Ao, tutto è possibile ma, e non temo smentite, in questi vent'anni, soprattutto gli ultimi 15, va detto che sto genio del male ha sempre scelto bene nello sceglie chi mettere in panchina. Non si capisce perché dopo vent'anni ha deciso di mettere una pippa.
Neanche sappiamo cosa gli abbia chiesto Tudor, che comunque ha una storia di porte sbattute che la metà basta. A lume di naso non era Basic la questione.
Interpretazione troppo elaborata per un concetto semplice e diretto.
Nessun genio del male, nessuna
co.jo.n.el.la su Baroni, tutto ovviamente è fatto con un criterio, con una idea generale e seguendo le possibilità economiche e di sostenibilità del club.
Che questo non sia una riduzione ad Lotitum mi sembra assurdo: è il padrone e l'anima del club, ha pochissimi collaboratori che per carattere e CV lo assecondano il più possibile (ed è giusto anche quello eh, ci mancherebbe), come può non essere una lettura onesta e rispettosa quella in cui le scelte di quest'anno, dall'allenatore ai giocatori, non sia pensata per avere anni di relativa calma e di non doversi ritrovare nuovamente a combattere una guerra come quando ha provato a ingaggiare un top manager?
È così offensivo e deprimente rilevare che quest'anno si stia cercando di rinnovare il gruppo con gente in cerca di rilancio o di affermazione ma senza "osare" troppo per evitare rotture de Colleoni sul mercato, sullo spogliatoio, sulla fascia di capitano, sui ruoli in campo, etc.?

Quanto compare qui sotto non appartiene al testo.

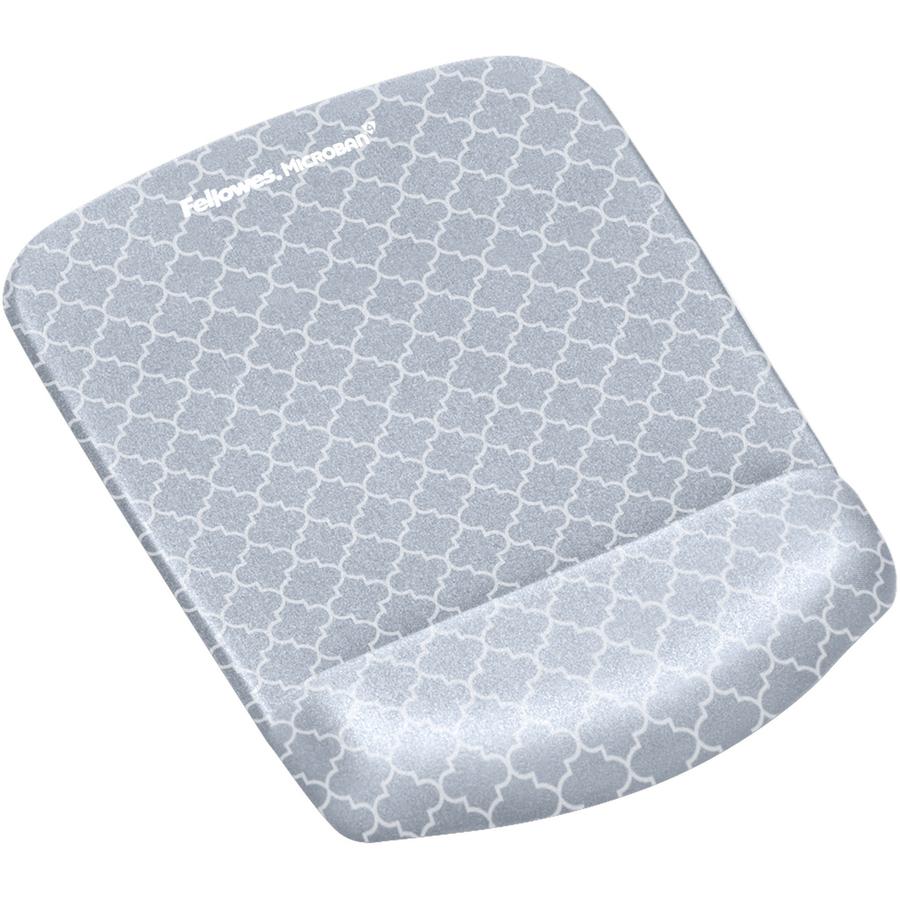 Fellowes PlushTouch&trade; Mouse Pad Wrist Rest with Microban&reg; - Gray Lattice - Lattice - 1" x 7.25" x 9.38" Dimension - Gray, White - Foam - Wear Resistant, Tear Resistant, Skid Proof - 1 Pack. Picture 4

E se a qualche tifoso che invece si era gasato all'idea che alla rivoluzione invocata già qualche anno fa e finalmente arrivata potesse corrispondere un nuovo ciclo con nomi importanti un po' je rode perché rivede basic in ritiro e si sente dire che AKAK può rientrare nelle rotazioni non penso che gli si possa tirare la croce addosso.
Comincerà il campionato, arriveranno le prime vittorie e almeno ai Laziali in buona fede passerà tutto.
Per chi già critica le amichevoli estive invece non c'è nulla da fare. Ma non credo che il discorso di jsv fosse assimilabile ai piagnistei quotidiani.